ZOJ 1953 Advanced Fruits(LCS)

题意:给出两个字符串,求能满足子串(可以不连续)中包含给出的两个字符串的最短字符串.

思路:本质上就是LCS问题,做法是先找出两个串的LCS,并记录其位置

设dp[i][j]为Ａ串以第i个字符结尾B串以第j个字符结尾的LCS, 用path数组来记录路径,

如果A[i] == B[j] 那么dp[i][j] = dp[i - 1][j - 1].

否则 dp[i][j] = max(dp[i - 1][j], dp[i][j - 1]) .

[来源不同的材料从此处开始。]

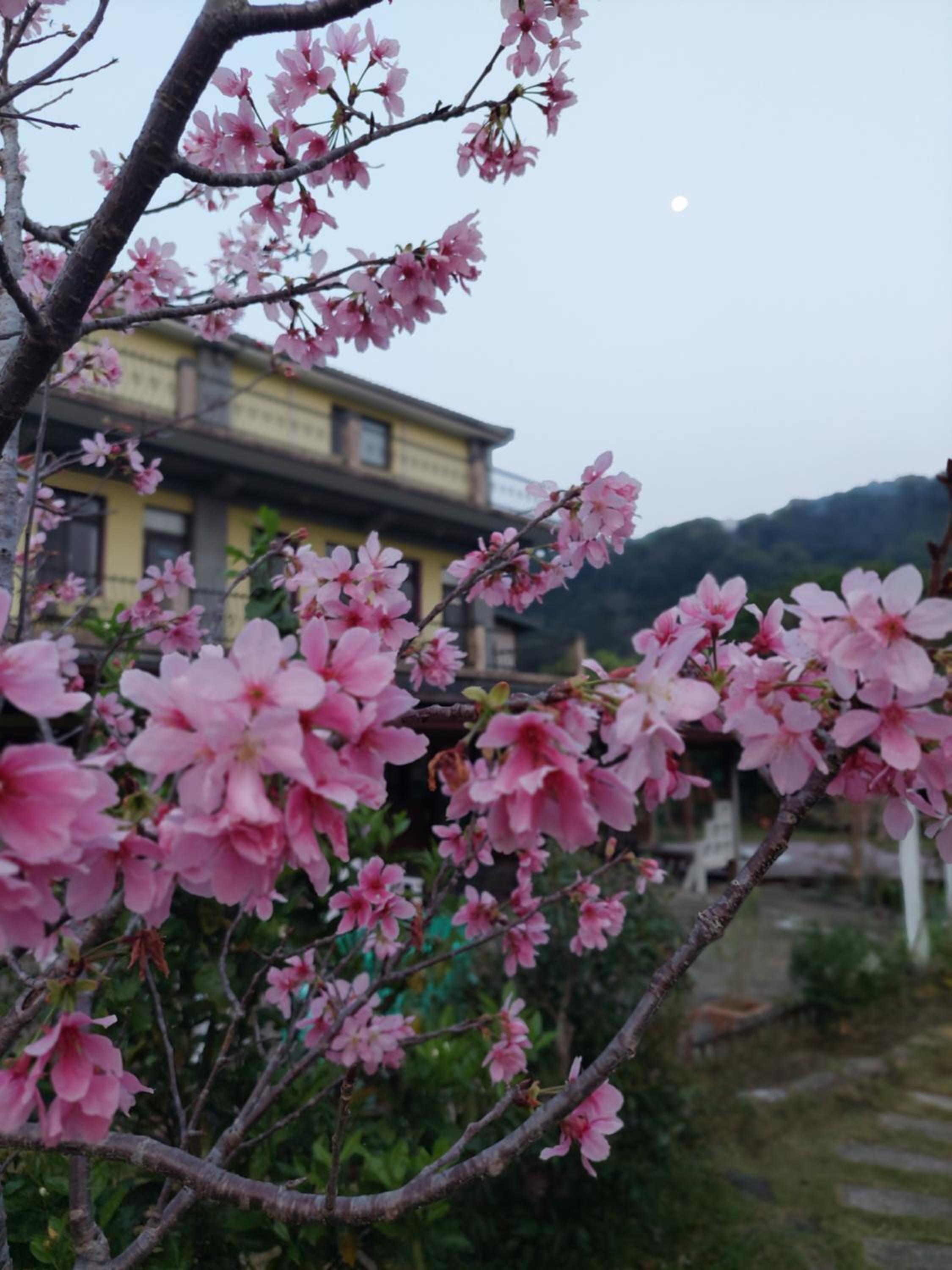Fu Chuan Garden view 5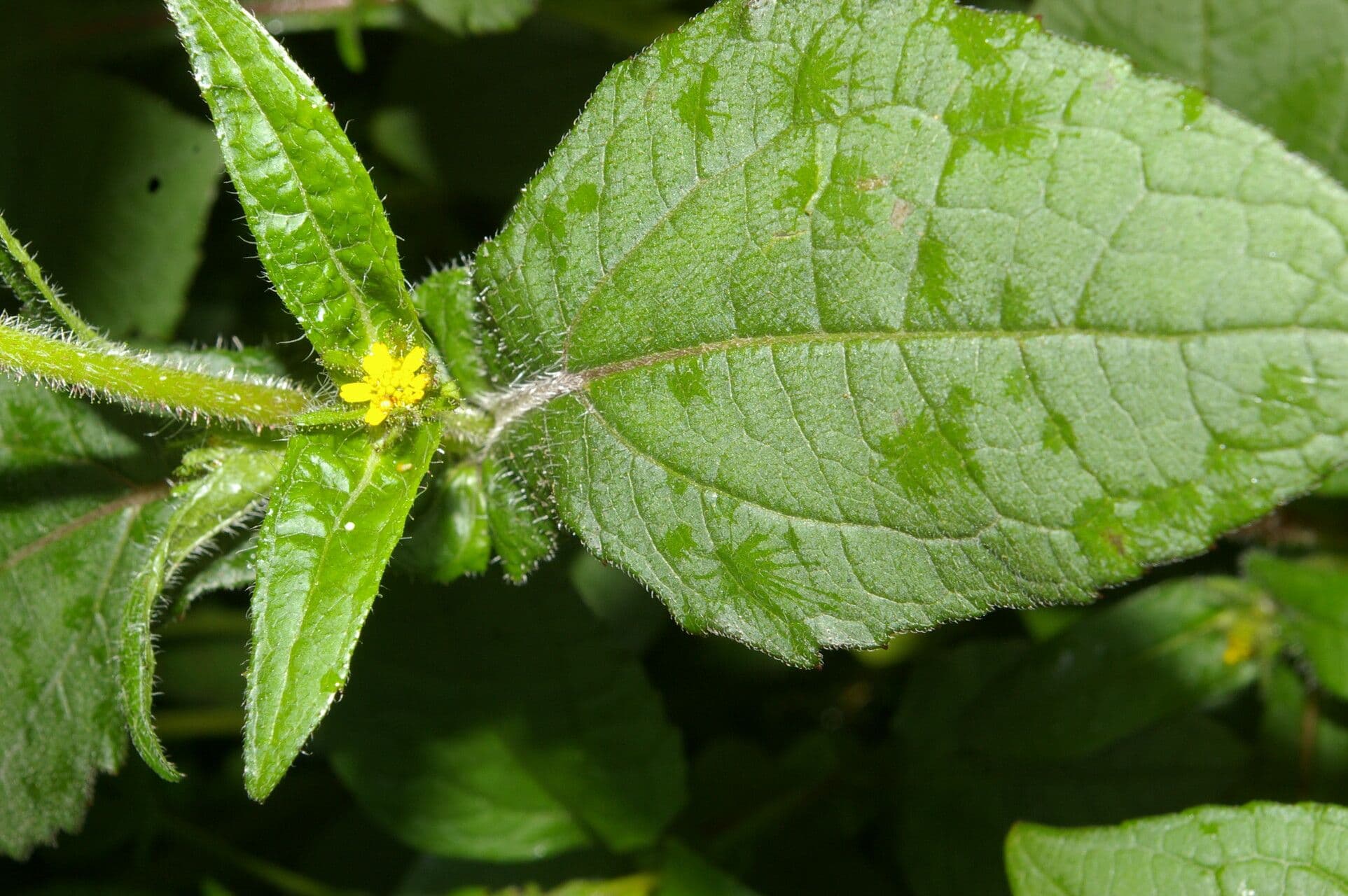 Sigesbeckia 4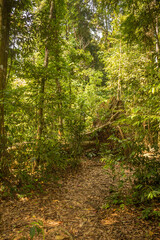 A trail through the rainforest in Gunung Leuser National Park, Bukit Lawang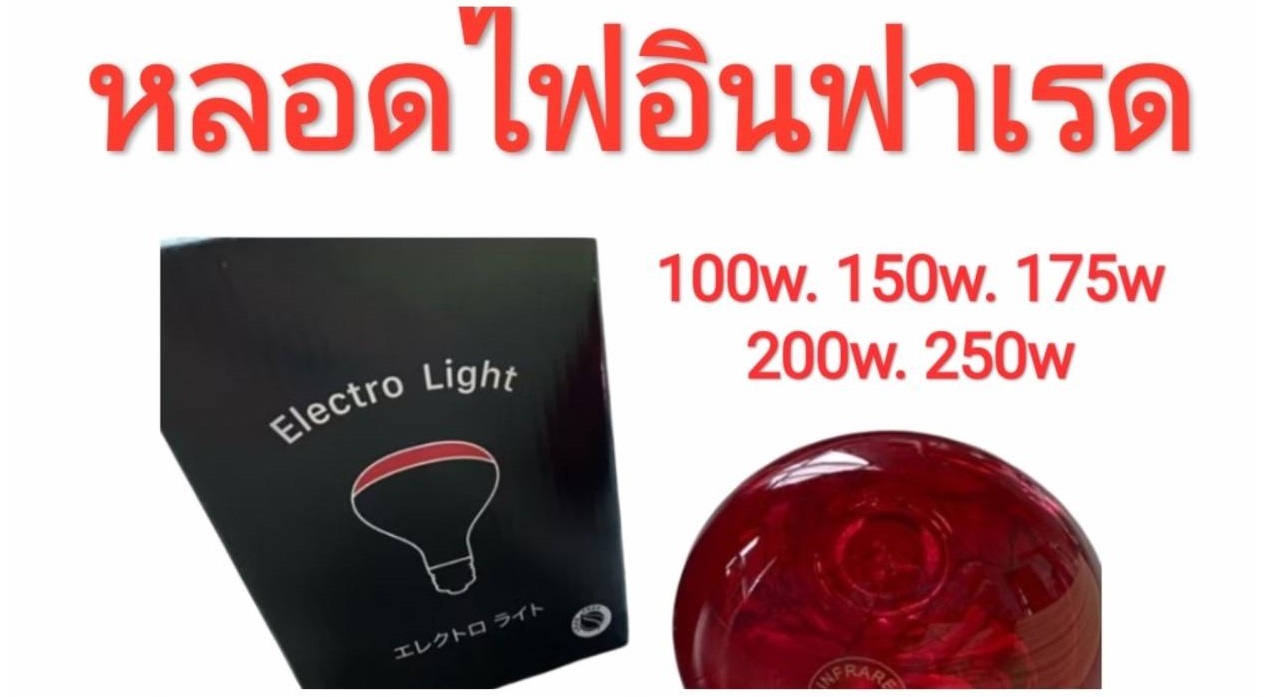 หลอดไฟอินฟาเรด Infrared Light Bulb
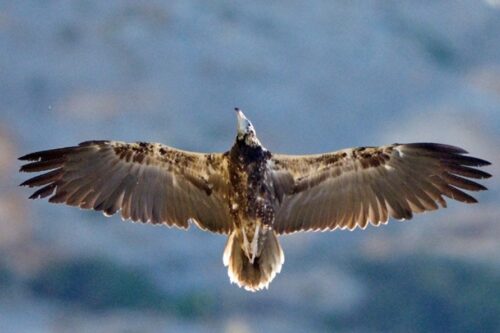 il giovane Capovaccaio torna a volare nei cieli siciliani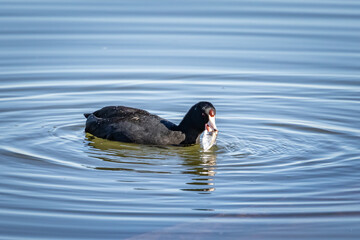 American Coot (Fulica americana) fishing on a lake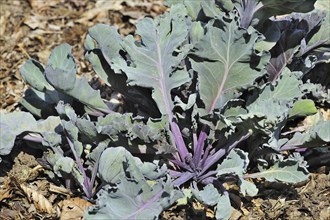 Sea kale (Crambe maritima) leaves used as a blanched vegetable, native along the coasts of Europe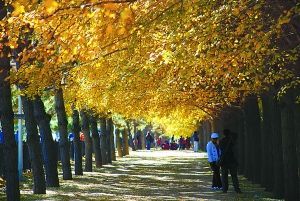 �׶��@�־G����Ҏ�wϵ���O�������A��(�M�D)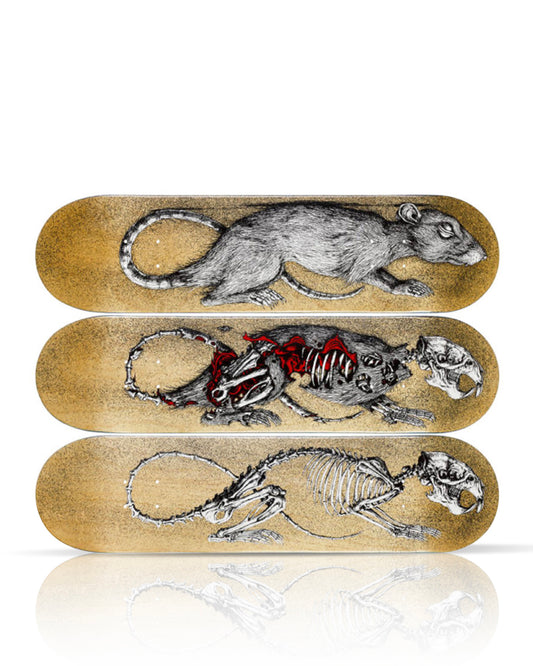 ROA x The Skateroom 'Decay' (2012) RARE Triptych Skateboard Deck Set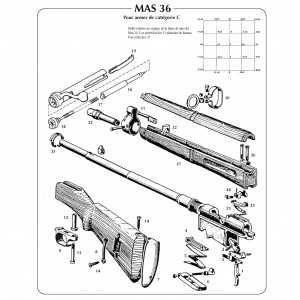 ECLATE MAS 36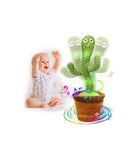 Cactus Ballerino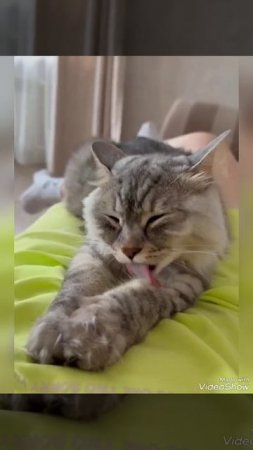 #кошки Курильский бобтейл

用两个数组pos1, pos2分别代表LCS在各自串中的位置.

那么不是LCS的字符就要按照一定的顺序打印,详细的看代码吧

#include <cstdio>
#include <string>
#include <iostream>
#include <memory.h>
using namespace std;
const int MAX = 128;

int dp[MAX][MAX];
int pos1[MAX], pos2[MAX], cnt;
char path[MAX][MAX];
char f1[MAX], f2[MAX];

void traverse(int i, int j){
	if(i == 0 || j == 0)return;
	if(path[i][j] == 0){
		traverse(i - 1, j - 1);
		pos1[cnt] = i;
		pos2[cnt++] = j;
	}else if(path[i][j] == 1){
		traverse(i - 1, j);
	}else{
		traverse(i, j - 1);
	}
}

int main(int argc, char const *argv[]){
	while(scanf("%s%s", f1 + 1, f2 + 1) == 2){
		memset(dp, 0, sizeof(dp));

		int len1 = strlen(f1 + 1), len2 = strlen(f2 + 1);
		for(int i = 1; i <= len1; ++i){
			for(int j = 1; j <= len2; ++j){
				if(f1[i] == f2[j]){
					dp[i][j] = dp[i - 1][j - 1] + 1;
					path[i][j] = 0;
				}else if(dp[i - 1][j] > dp[i][j - 1]){
					dp[i][j] = dp[i - 1][j];
					path[i][j] = 1;
				}else{
					dp[i][j] = dp[i][j - 1];
					path[i][j] = 2;
				}
			}
		}

		cnt = 1;
		traverse(len1, len2);
		pos1[cnt] = len1 + 1;
		pos2[cnt++] = len2 + 1;
		for(int i = 1; i < cnt; ++i){
			for(int j = pos1[i - 1] + 1; j < pos1[i]; ++j){
				printf("%c", f1[j]);
			}
			for(int j = pos2[i - 1] + 1; j < pos2[i]; ++j){
				printf("%c", f2[j]);
			}
			if(i != cnt - 1)
				printf("%c", f1[pos1[i]]);
		}
		printf("\n");
	}
	return 0;
}